In a huge blow to radical environmentalists and similar obstructionists, a judge ruled that President Trump doesn’t have to publicly disclose his reasoning for shrinking national monuments.
U.S. District Judge David Nye ruled Monday that records held qualify as protected presidential communication.
A group called Advocates for the West had sued the Trump administration for 12 documents with respect to its decision to shrink two national monuments in Utah: Bears Ears and Grand-Staircase Escalante National Monuments in Utah. The contention was over the designation of Bears Ears and Grand Escalante as national monuments by outgoing President Barack Obama in December 2016 and President Bill Clinton in 1996, respectively. The former’s action was unprecedented and rightly met with controversy.
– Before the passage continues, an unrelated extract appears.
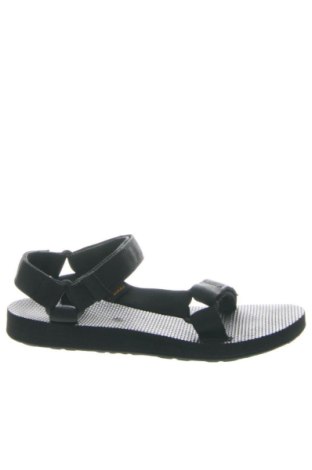 Sandalen Teva, Größe 39, Farbe Schwarz, Preis 56,40 €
As a result, this issue has divided the sportsmen community—but it shouldn’t have to.
The law that governs public lands designation is the Antiquities Act of 1906—a law that has been greatly misinterpreted by those keen on promoting preservationist policies. Trump scaled back these two monuments because they signaled bad interpretation of the Antiquities Act’s (1906) provisions, specifically Section 2. It reads:
Sec. 2. That the President of the United States is hereby authorized, in his discretion, to declare by public proclamation historic landmarks, historic and prehistoric structures, and other objects of historic or scientific interest that are situated upon the lands owned or controlled by the Government of the United States to be national monuments, and may reserve as a part thereof parcels of land, the limits of which in all cases shall be confined to the smallest area compatible with proper care and management of the objects to be protected: Provided, That when such objects are situated upon a tract covered by a bona fied unperfected claim or held in private ownership, the tract, or so much thereof as may be necessary for the proper care and management of the object, may be relinquished to the Government, and the Secretary of the Interior is hereby authorized to accept the relinquishment of such tracts in behalf of the Government of the United States.
This bolded section makes the motion to scale back well within presidential authority: national monuments “shall be confined to the smallest area compatible with proper care and management of the objects to be protected.” Shouldn’t this be interpreted correctly? Presidents Clinton and Obama didn’t believe so.
Bears Ears National Monument originally comprised 1,351,849 acres, but shrunk it by 85% in December 2017. Grand-Staircase Escalante originally comprised 1,880,461 acres, but was reduced by 47% . These sweeping designations of large areas, not “smallest area” per Section 2, give the president license to shrink monuments. In fact, other presidents have ordered the shrinking of national monuments in a grand fashion—including Presidents Eisenhower, Truman, Taft, Wilson, and Coolidge. Why the hysteria?
Brookings Institution argued President Trump is within his right to shrink (or designate) national monuments to his liking:
On its face, that is correct. The Antiquities Act does not engage the issue of diminishment. However, that does not mean that such power cannot be implied.
Others argue that a 1976 statute, the Federal Land Policy and Management Act, limits the president as it engages diminishment directly—noting limitations on the Secretary of the Interior to modify existing protected areas. Two challenges emerge from this argument. First is that the law is explicit in limiting the Interior Secretary’s powers and not the president’s power, even though Congress had constitutional authority to limit the president’s powers explicitly. Second, Congress, in engaging limitations broadly, listed numerous areas of law in which the executive branch would be restricted from diminishment (or abolition) and failed to include the Antiquities Act in that list.
It is true that the first part of the law grants the president the power to establish national monuments. The second part of that grant could easily be interpreted to imply the power to diminish. That section notes, “the limits of which in all cases shall be confined to the smallest area compatible with proper care and management of the objects to be protected.” Here, a president is charged to make this area as small as is needed.
There is a great distrust of federal government from those in Western states, and this unilateral land grab by outgoing President Obama in December 2016 added fuel to this already raging fire of distrust. Here’s what retiring U.S. Senator Orrin Hatch wrote about the his mishandling of the Antiquities Act then:
When Obama declared the Bears Ears National Monument, he ignored the years of work that Utah’s congressional delegation spent fighting to pass legislation to protect the region through a fair and open process.He ignored the state legislature and the governor. He ignored the stakeholders and local residents who were striving together to find a workable solution. He ignored the best interests of Utah and cast aside the will of the people — all in favor of a unilateral approach meant to satisfy the demands of far-left interest groups.
With the stroke of a pen, Obama locked away an astonishing 1.35 million acres, a geographic area larger than the total acreage of all five of Utah’s national parks combined. He did so citing his prerogative under theAntiquities Act— a century-old law intended to give presidents only limited authority to designate special landmarks. Instead of exercising restraint under the act, Obama — and indeed, many of his predecessors — wielded this law as a blunt instrument for executive overreach.